» Data for analysis:
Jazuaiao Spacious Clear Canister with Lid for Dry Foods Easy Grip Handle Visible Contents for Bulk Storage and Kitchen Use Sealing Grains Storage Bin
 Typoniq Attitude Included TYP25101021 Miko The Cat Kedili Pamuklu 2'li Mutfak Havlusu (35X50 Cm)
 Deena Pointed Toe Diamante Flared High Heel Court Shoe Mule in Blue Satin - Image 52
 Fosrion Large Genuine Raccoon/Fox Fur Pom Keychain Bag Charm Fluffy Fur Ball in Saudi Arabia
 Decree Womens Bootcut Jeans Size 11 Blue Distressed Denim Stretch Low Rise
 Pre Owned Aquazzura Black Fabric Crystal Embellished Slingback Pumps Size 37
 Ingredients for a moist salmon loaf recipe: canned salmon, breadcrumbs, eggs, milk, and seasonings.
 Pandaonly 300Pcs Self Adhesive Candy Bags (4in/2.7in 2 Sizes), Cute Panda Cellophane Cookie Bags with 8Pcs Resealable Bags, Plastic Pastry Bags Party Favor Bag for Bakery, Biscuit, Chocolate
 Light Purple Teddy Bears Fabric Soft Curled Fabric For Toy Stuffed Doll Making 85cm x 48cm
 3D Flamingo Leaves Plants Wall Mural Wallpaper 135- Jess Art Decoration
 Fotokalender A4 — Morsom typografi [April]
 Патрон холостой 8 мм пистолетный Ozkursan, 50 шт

» To do: Lines in the listing above that contain the word "Fabric" must be copied; leave out the rest.

» Answer section:
 Pre Owned Aquazzura Black Fabric Crystal Embellished Slingback Pumps Size 37
 Light Purple Teddy Bears Fabric Soft Curled Fabric For Toy Stuffed Doll Making 85cm x 48cm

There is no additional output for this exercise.